The German philosopher and jurist Christian Thomasius (1655-1728) was one of the most respected and influential university teachers of his day. He was instrumental in the popularization of the Enlightenment in Germany.
Christian Thomasius was born in Leipzig on Jan. 1, 1655. He received his early education there from his father, a schoolteacher. He pursued the study of law at Frankfurt and began teaching at the University of Leipzig in 1684. In his lectures Thomasius was a bold advocate of the teachings on natural law of the jurist Samuel von Pufendorf. He attracted even more attention, however, when he began to severely criticize the prejudices, pedantry, and intolerance of the scholars and theologians at Leipzig. In 1687 he became the first German university professor to lecture in German instead of Latin. The following year he began to publish a monthly periodical which he used as his chief instrument in further attacks on the stupidities of scholars and theologians. His outspoken views, however, brought reaction, and in 1690 he was forbidden to lecture or publish. He moved to Berlin, where Elector Frederick III of Brandenburg-Prussia allowed him to lecture. In 1694 Thomasius helped lay the foundation for the University of Halle, where he became second and then first (1710) professor of jurisprudence. He remained in Halle until his death on Sept. 23, 1728.
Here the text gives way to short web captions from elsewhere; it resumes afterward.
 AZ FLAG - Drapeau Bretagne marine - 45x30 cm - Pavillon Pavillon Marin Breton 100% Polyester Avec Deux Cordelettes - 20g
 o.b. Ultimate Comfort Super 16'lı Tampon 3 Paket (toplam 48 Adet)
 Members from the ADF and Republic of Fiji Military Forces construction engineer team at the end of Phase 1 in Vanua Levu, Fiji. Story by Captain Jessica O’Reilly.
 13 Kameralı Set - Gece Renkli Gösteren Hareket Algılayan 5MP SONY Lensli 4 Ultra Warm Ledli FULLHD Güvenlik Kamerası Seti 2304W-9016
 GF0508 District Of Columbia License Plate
A renowned professor, Thomasius gave expression to many enlightened ideas and programs. Although he was not a profound thinker, his commonsense reasoning enabled him to put forth many practical reforms in the areas of philosophy, law, theology, and social customs. As a teacher, Thomasius believed not only in a solid academic training but also in developing character and comprehension of practical affairs. In religious matters he believed in the necessity for freedom of thought and speech and thoroughly condemned theologians who were always searching for heretics. He also attempted to free the study of jurisprudence from the control of theology. In his own theological beliefs, he considered that revealed religion was necessary for salvation.
Although he was influenced by the Pietists at Halle, especially Philipp Spener, Thomasius agreed primarily only with their opposition to established theological systems and their practical piety and not with their central emphasis on sin and grace. On matters of Church law, he emphasized that, since the Church was an institution within the domain of the state, the power of the state was supreme over the Church although not necessarily over the moral lives of individual Church members. He expressed himself powerfully against trial for witchcraft and the use of torture. In all of these ideas, Thomasius demonstrated his fundamental belief in the enlightened ideas of the 18th century.
Further Reading on Thomasius
There is no adequate biography of Thomasius. He is discussed in an excellent one-volume survey of the course of German philosophy to 1800 by Lewis White Beck, Early German Philosophy: Kant and His Predecessors (1969).